On any given day, as much as two-thirds of the transaction activity registered on the Bitcoin network has nothing to do with buying goods and services or trading the virtual currency.

Volume figures are being influenced by a range of other factors such as so-called mixers reshuffling balances between their own accounts, mining pools disbursing coins to members, outright scams such as spoofing and market manipulation, according to analytics provider Coinmetrics.

Bitcoin isn’t alone. On a recent day, more than 45 percent of transactions on Ethereum are non-economic, such as spam, according to another analytics provider, Elementus Inc. At one point, 98 percent of transactions on the digital token Cardano had no economic value, Coinmetrics said.

While the anonymity of the blockchain is one of the key founding principles of Bitcoin, the lack of transparency on the distributed ledger technology is seen by some industry participants as a hindrance to greater acceptance by both institutional and individual investors, as well as regulators.

“If this space is not a joke but serious, then people need to know more,” said Charlie Morris, who manages $300 million for London-based Newscape Capital Group, which has a small investment in Bitcoin and in Overstock.com Inc., which has been active in crypto. “You’d want to know the facts. If institutional money is going to come into Bitcoin, they’ve got to understand what they are buying.”

Morris’s Cryptocomposite.com and Elementus are among new efforts to develop analytical tools to add clarity to blockchain data. Cryptocomposite.com’s first version will be launched soon, Morris said. Elementus is starting trials with financial institutions this summer, and launching in the fall, Max Galka, chief executive officer of Elementus, said in a phone interview.

"You are sort of looking at a tiny piece of the blockchain through a keyhole, and you are not seeing the big picture," said Galka, who worked as a trader at Credit Suisse Group AG and Deutsche Bank AG and teaches data science at the University of Pennsylvania. “It’s really hard to understand the context around it. What we do is we allow you to get the full picture."

And the full picture can be quite different than the view that can be gleaned from volume charts on online blockchain explorer sites, or examining data put out by exchanges. While every transaction on the public networks that many coins run on are posted online, participants are usually anonymous, and it’s hard to know who is behind the transactions -- and if they have malicious intent.

“Creating addresses in these networks is free, and transaction fees at this point are sufficiently low to enable a single user to send small balance through hundreds of transactions," Lucas Nuzzi, director of technology research at Digital Asset Research, said in an email.

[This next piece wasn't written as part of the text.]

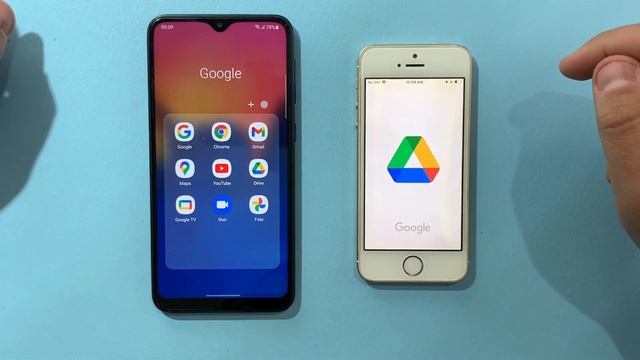 Samsung Galaxy A10 vs iPhone SE смотреть онлайн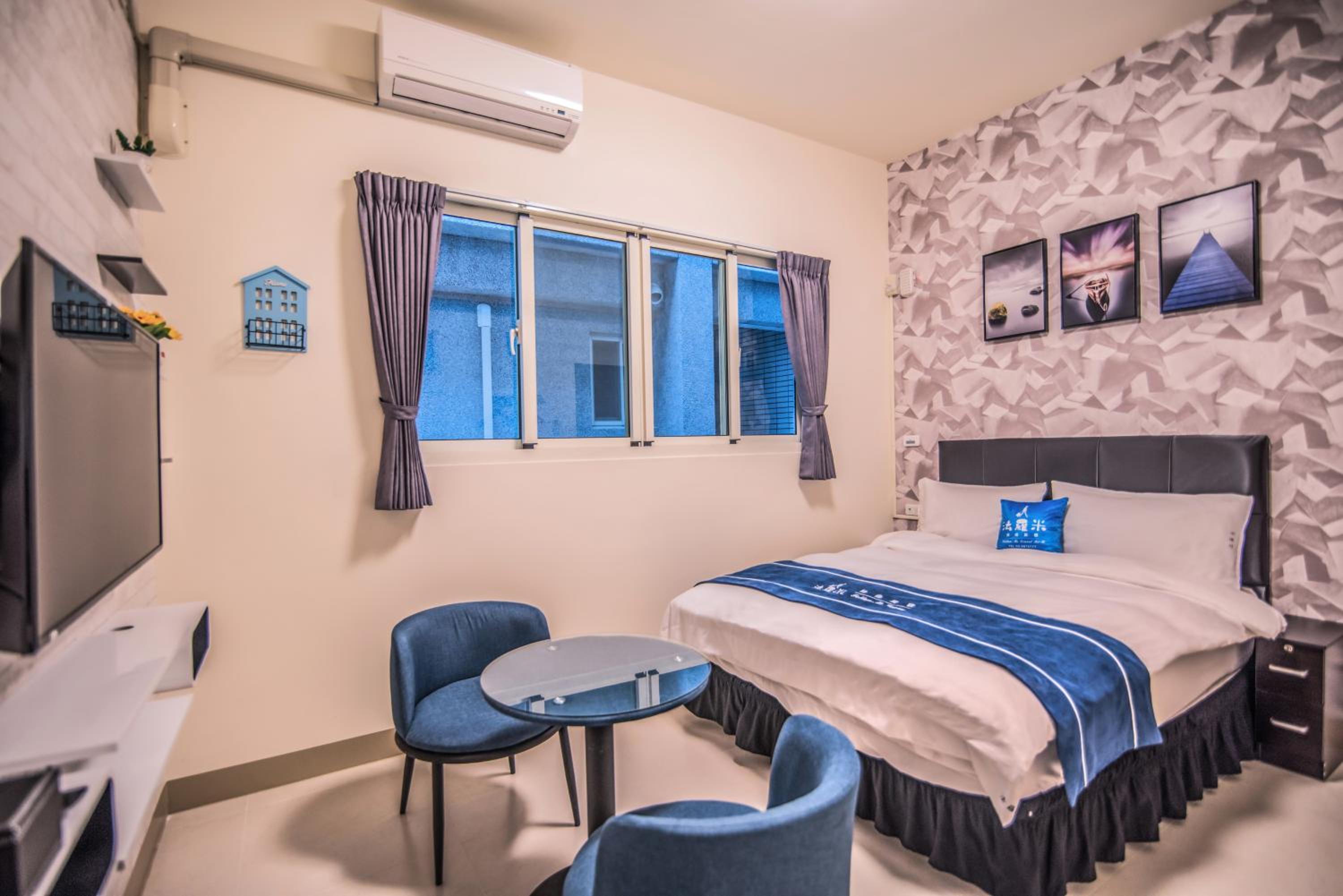 Budget Double Room photo 2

When mixers reshuffle balances between accounts, each transaction is recorded separately on the blockchain. Coinmetrics found one mixer that was responsible for up to 90 percent of all transactional value on Ethereum between February 2017 and February 2018, said Nic Carter, co-founder of the site. Mixers can be custodians or exchanges, moving funds around as a precaution against hacks. Or they can be criminals trying to make funds hard to trace.